The Vatican exercises effective worldwide control over its bishops and priests and must comply with the United Nations' anti-torture treaty globally, a U.N. committee said Friday in a report that could expose the Roman Catholic Church to new legal arguments by survivors of clerical sex abuse.
The U.N. Committee Against Torture concluded that Vatican officials failed to report abuse charges properly, moved priests rather than disciplined them and failed to pay adequate compensation to abuse survivors. Though the panel stopped short of finding that the Holy See had violated its obligations under the anti-torture treaty, which it ratified in 2002, panel members said that was implicit in the criticisms.
"Legal scholars will tell you that when the committee addresses a problem and makes a recommendation, it sees the state as not meeting the requirements of the convention," the panel's vice chairperson, Felice Gaer, told reporters. "It's absolutely clear what we're saying."
But the Vatican dismissed the 10-member panel's central conclusions as "fundamentally flawed" and insisted it did not exercise direct control over its priests worldwide.
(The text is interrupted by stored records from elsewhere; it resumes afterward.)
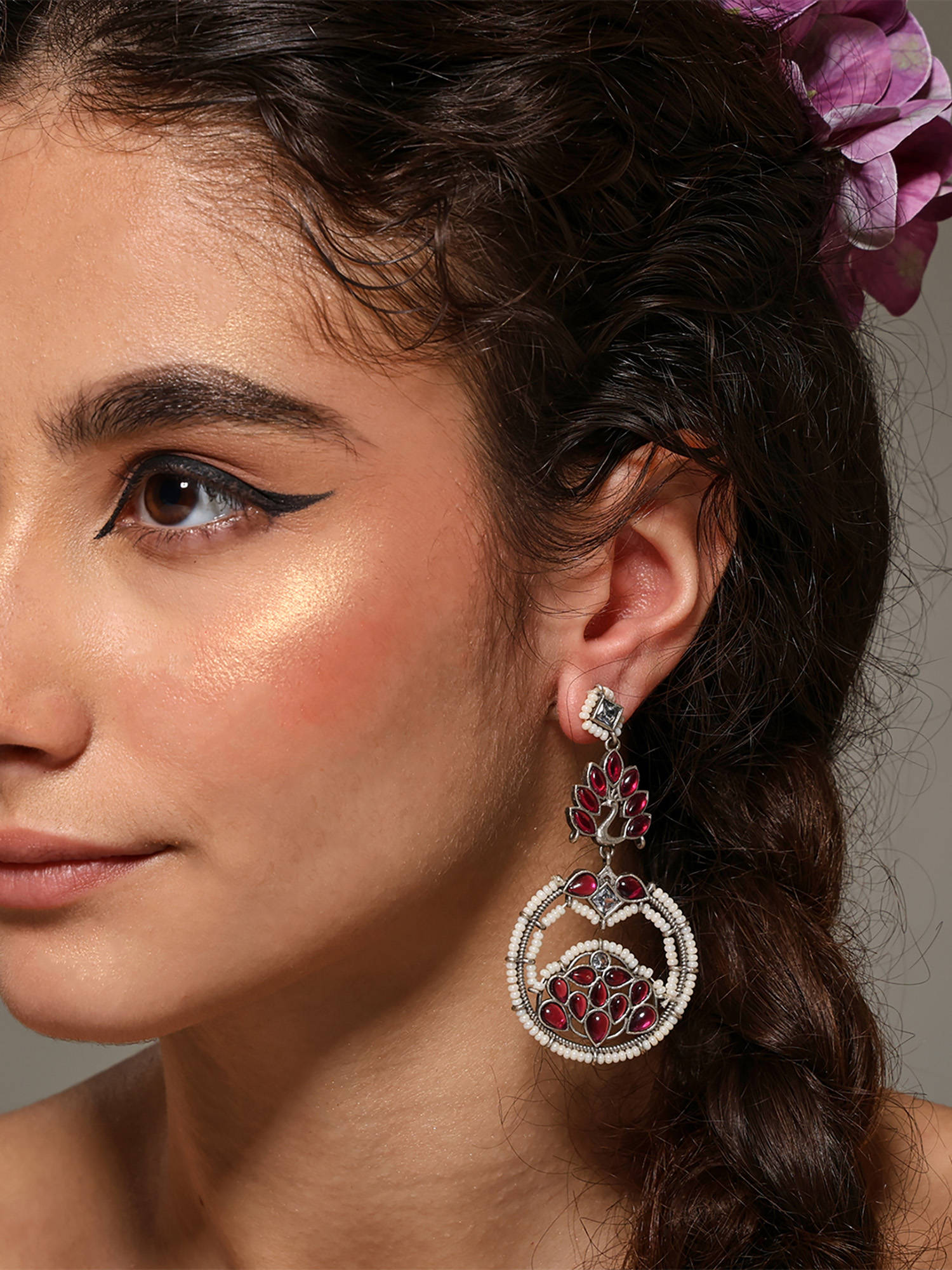 VENI 92.5 Silver-Plated Artificial Stones Studded and Beaded Circular Shaped Earrings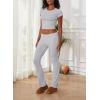 ABINGOO Femme Ensemble de 2 pièces s Crop Top et Taille Basse Pantalon Évasé Stretch Ensemble Yoga Femme Tenue de Sport Fitness(S-gris)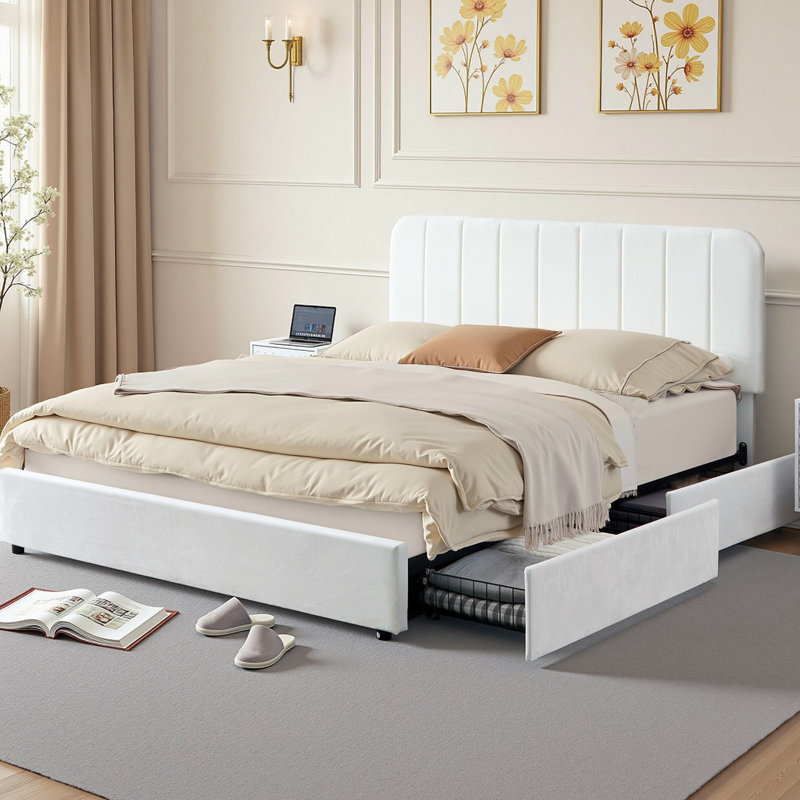 Willa Arlo Interiors Huntsville 4 Drawer Velvet Upholstered Platform Bed W100177526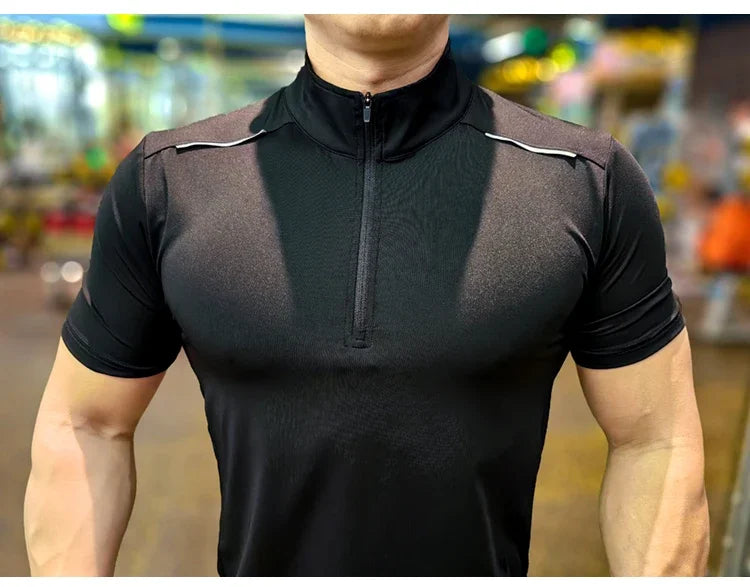 Men's Running Short Sleeve Fitness Muscle Fit Gym Jogging Sports Tennis Elastic Breathable T-Shirt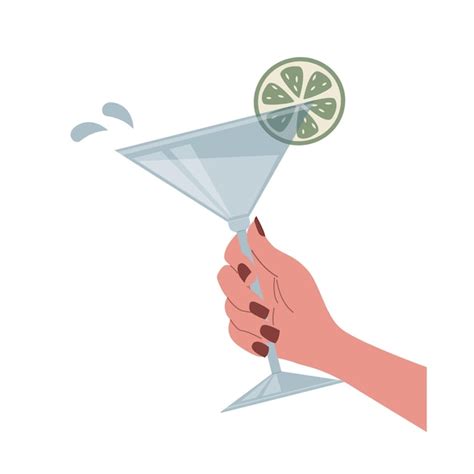 Premium Vector Female Hand Holds The Glass With Martini Decorated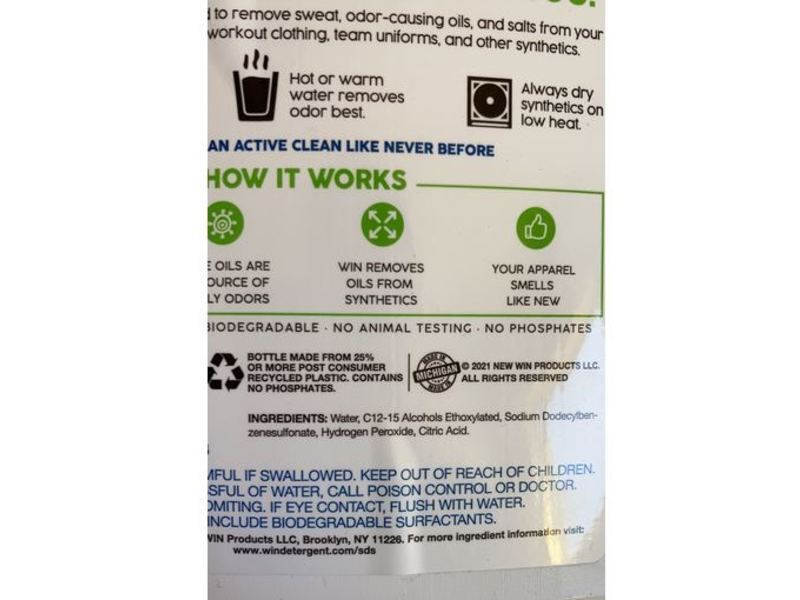 Win Free & Clear Activewear Detergent, 64 Loads, 64 fl oz/1.89 L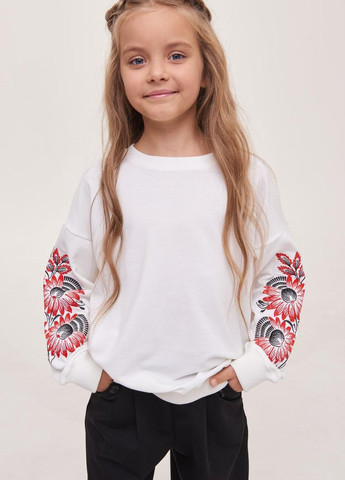 MEREZHKA свитшот для девочки "жоржина" цветочный белый кэжуал трикотаж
The report's most immediate impact may be to strengthen the case for survivors pressing for the Vatican to take more legal responsibility for priests who raped and molested children. The Holy See has long sought to distance itself from the conduct of pedophile priests and the bishops overseeing them, saying the church's own structure is not the centrally organized, top-down hierarchy that lawyers for abuse survivors often describe.
Earlier this month, the Holy See revealed to the committee that it had defrocked 848 priests and imposed lesser penalties on 2,572 others since 2004. Those figures reflected only those complaints handled directly by the Holy See, not those left in the hands of dioceses, so the total number of sanctioned priests worldwide could be much higher.
Crucially, the committee rejected the Holy See's position that it should be legally liable for enforcing the treaty only within the tiny confines of Vatican City itself. Church leaders have consistently argued that legal responsibility for abuse lies with bishops and leaders of individual congregations of priests, nuns and brothers many thousands of miles from church headquarters.
The committee said the Vatican must ensure that the treaty is not violated by its representatives anywhere worldwide. It said the Vatican's contention that it did not enforce control over church personnel outside Vatican City was "not consistent" with the treaty or the Vatican's own laws.
The panel said ratifying parties to the torture treaty, including the Vatican, "bear international responsibility for the acts and omissions of their officials and others acting in an official capacity or acting on behalf of the state."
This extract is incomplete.